"Sure, it was the glasses," affirmed Don Ricardo. "No man of California would let a girl of pleasure dance on the things sacred to the woman of his family; eh, Antonio?"
"Of course; at any other time Rafael would have thrown the girl through a window; truly, he would!"
"No doubt of it," agreed Bryton.
"Doña Luisa has given the boy a long rope. It must be that she has learned that it is too long—she comes back after the years to steady him with a wife,—and such a wife! Young, wealthy, beautiful!"
"And a young nun, all but the veil!"
"That seems rather a joke—or a tragedy—after all this," and Bryton motioned to the remainders of the night's carouse.
"If there is a joke, it is the devil playing it on the saints."

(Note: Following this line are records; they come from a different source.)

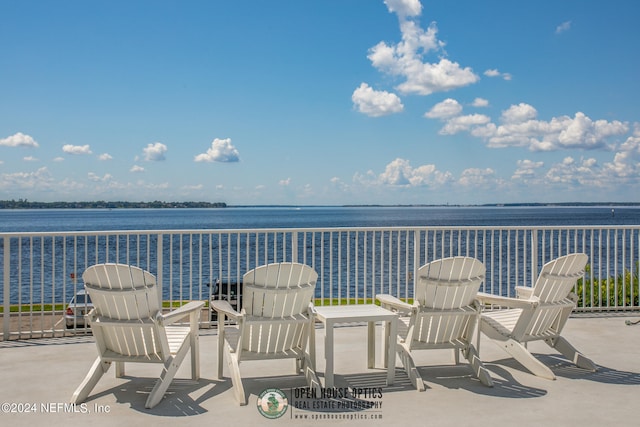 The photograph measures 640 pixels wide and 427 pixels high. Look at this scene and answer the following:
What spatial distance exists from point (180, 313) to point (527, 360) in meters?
2.83

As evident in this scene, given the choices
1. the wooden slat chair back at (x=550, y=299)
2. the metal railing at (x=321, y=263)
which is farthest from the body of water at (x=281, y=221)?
the wooden slat chair back at (x=550, y=299)

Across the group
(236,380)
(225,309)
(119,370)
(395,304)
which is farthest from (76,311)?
(395,304)

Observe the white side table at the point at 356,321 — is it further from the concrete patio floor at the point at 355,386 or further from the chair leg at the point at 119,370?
the chair leg at the point at 119,370

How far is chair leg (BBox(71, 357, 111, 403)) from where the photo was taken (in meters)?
3.81

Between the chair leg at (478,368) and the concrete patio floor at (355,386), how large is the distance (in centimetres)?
6

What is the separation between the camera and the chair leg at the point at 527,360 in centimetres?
439

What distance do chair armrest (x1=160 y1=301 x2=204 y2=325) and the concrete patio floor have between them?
0.57 meters

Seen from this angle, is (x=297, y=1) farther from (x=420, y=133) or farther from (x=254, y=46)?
(x=420, y=133)

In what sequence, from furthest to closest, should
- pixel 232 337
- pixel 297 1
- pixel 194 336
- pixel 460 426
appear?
pixel 297 1 < pixel 232 337 < pixel 194 336 < pixel 460 426

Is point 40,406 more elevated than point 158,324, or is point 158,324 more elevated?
point 158,324

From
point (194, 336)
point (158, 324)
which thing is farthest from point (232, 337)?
point (158, 324)

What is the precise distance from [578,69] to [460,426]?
29.2 m

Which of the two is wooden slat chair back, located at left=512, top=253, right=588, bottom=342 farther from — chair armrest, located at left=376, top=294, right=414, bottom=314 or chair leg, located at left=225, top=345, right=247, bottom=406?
chair leg, located at left=225, top=345, right=247, bottom=406

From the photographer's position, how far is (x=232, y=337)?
4.66 metres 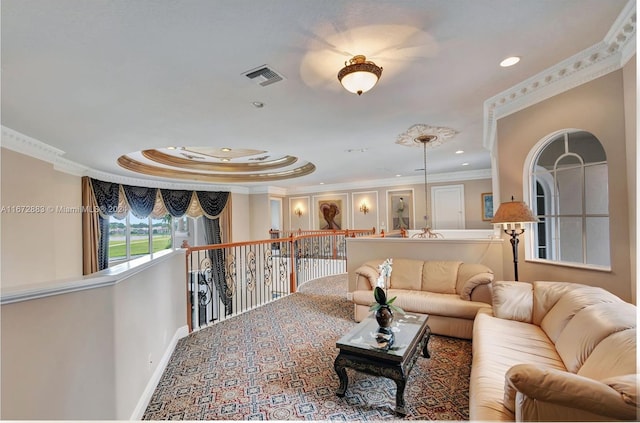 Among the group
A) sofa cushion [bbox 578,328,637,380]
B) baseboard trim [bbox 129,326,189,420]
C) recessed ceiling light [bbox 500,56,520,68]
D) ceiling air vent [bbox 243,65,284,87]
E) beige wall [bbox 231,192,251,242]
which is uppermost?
recessed ceiling light [bbox 500,56,520,68]

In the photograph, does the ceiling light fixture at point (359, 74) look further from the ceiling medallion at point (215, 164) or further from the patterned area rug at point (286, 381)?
the ceiling medallion at point (215, 164)

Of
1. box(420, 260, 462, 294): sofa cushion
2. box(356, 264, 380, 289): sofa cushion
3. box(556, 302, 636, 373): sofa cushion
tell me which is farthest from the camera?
box(356, 264, 380, 289): sofa cushion

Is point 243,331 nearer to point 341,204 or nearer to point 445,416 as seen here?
point 445,416

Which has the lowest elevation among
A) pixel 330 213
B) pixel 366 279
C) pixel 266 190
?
pixel 366 279

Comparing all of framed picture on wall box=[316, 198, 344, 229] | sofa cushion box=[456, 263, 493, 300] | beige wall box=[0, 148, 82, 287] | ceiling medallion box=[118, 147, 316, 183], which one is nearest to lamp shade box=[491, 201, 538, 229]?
sofa cushion box=[456, 263, 493, 300]

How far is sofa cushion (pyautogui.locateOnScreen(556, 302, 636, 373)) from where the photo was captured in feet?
5.26

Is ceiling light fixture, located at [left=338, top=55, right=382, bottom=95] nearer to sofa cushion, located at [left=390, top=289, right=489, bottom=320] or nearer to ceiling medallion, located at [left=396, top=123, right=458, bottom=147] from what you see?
ceiling medallion, located at [left=396, top=123, right=458, bottom=147]

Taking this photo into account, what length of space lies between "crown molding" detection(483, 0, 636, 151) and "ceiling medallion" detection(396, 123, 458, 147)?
69cm

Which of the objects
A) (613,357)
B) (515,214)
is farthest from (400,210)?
(613,357)

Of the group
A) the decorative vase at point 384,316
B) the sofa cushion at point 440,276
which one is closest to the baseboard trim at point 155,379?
the decorative vase at point 384,316

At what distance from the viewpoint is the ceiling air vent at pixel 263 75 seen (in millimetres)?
2347

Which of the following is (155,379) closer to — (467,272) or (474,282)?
(474,282)

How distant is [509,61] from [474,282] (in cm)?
230

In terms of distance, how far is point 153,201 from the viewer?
7.62 metres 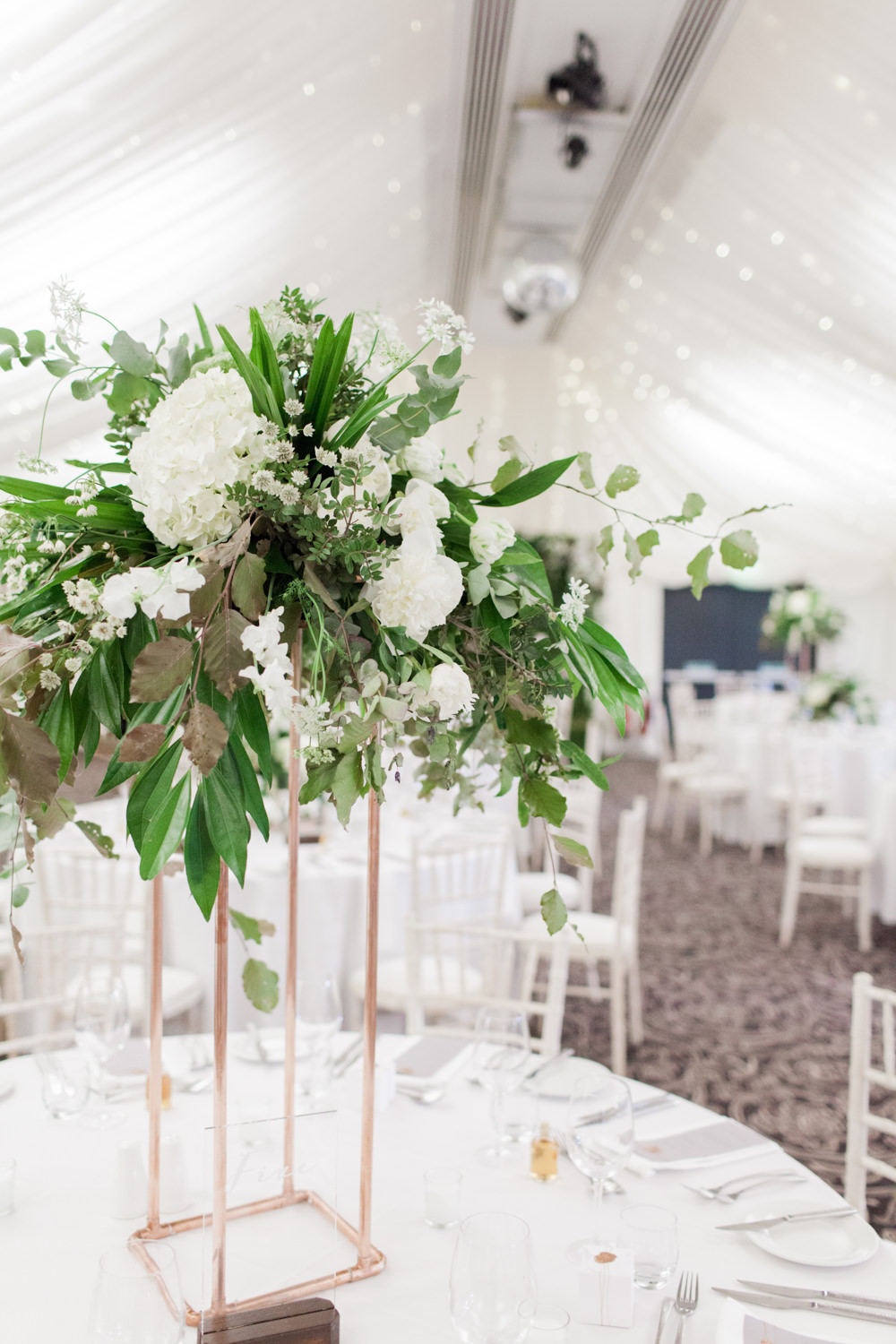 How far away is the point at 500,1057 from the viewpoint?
170cm

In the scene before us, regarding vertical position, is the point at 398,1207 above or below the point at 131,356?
below

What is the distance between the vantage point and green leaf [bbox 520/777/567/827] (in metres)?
1.15

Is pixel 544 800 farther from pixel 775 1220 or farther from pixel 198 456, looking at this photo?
pixel 775 1220

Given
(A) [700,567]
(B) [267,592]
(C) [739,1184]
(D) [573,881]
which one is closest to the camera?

"Sure; and the devil wins," agreed Don Antonio. "It is all settled. The Doña Luisa is a wise woman. Her son wins a wife, and the convent loses a fortune and a nun at the same time."
"Had the good son nothing to do with the arrangement?" asked the American, dryly.
"Oh, of course, señor. Three times he have gone to Mexico, where Felipe Estevan's daughter visit with his mother. He has time to sing many dozens of serenades,—all of the burning hearts and torment of love, and lost souls, to make a girl have pity. Maybe she have never before talked with one young man, one minute of her life; who knows?"